Michael Werz: Ukraine braucht Waffen zur Selbstverteidigung

US-Berater Michael Werz : Ukraine braucht Waffen zur Selbstverteidigung

Der Ukraine-Konflikt entwickelt sich zu einem neuen kalten Krieg. Kurz vor der Reise von Bundeskanzlerin Angela Merkel zu US-Präsident Barack Obama fordert der Politikwissenschaftler Michael Werz, der als Berater für die Obama-nahe Denkfabrik "Center for American Progress" in Washington D.C. arbeitet, Militärhilfe für die Ukraine und erklärt die Erwartungen der US-Administration an die Kanzlerin.

Muss der Westen die Ukraine bewaffnen, um Putin zu stoppen?

Werz Ein Krieg gegen die sehr viel besser ausgerüstete und bewaffnete russische Armee ist militärisch für die Ukraine auch mit westlicher Unterstützung nicht zu gewinnen.
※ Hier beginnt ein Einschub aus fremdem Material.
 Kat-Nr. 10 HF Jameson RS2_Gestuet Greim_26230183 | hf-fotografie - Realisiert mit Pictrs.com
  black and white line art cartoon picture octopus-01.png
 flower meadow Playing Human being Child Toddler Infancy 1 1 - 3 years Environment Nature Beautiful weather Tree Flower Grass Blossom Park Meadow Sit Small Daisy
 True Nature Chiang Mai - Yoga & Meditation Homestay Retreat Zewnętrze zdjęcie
Allerdings muss man angesichts von Raketenangriffen auf Zivilisten darüber nachdenken, ob die Lieferung etwa panzerbrechender Waffen zur Selbstverteidigung infrage kommt. Dies von vorneherein auszuschließen ist unklug und schwächt die Verhandlungsposition der westlichen Allianz unnötig.

Wie könnte eine diplomatische Lösung für die Ukraine aussehen?
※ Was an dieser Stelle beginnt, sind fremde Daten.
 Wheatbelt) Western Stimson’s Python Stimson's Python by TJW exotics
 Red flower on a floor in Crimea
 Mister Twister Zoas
Werz Es sieht so aus, dass die Bundeskanzlerin und der französische Präsident sich während ihres Moskaubesuches mit Putin auf fünf von fünfzehn Verhandlungspunkten geeinigt haben. Angesichts der verbleibenden Unstimmigkeiten und dem völligen Vertrauensverlust der russischen Regierung ist es allerdings fraglich, ob es wirklich zu einer diplomatischen Lösung kommen kann. Die Initiativen Deutschlands und Frankreichs haben immerhin dazu beigetragen den Druck auf dem Kreml deutlich zu erhöhen. Man darf allerdings die Regierung in Kiew unter Präsident Petro Poroschenko, einem ehemaligen Oligarchen und Verbündeten des alten Regimes keinesfalls idealisieren, auch dort liegt vieles im Argen.

Was erwartet die US-Administration von dem Besuch Merkels bei Obama?

Werz Klarheit über die nächsten Schritte der deutschen Verhandlungsposition die offensichtlich nicht "en detail" mit den Verbündeten abgesprochen war und ein deutliches Signal, was die von wichtigen Mitgliedern der Exekutive öffentlich immer wieder bestätigte Bereitschaft, größere Verantwortung" in der internationalen Politik wahrnehmen zu wollen, eigentlich konkret bedeutet.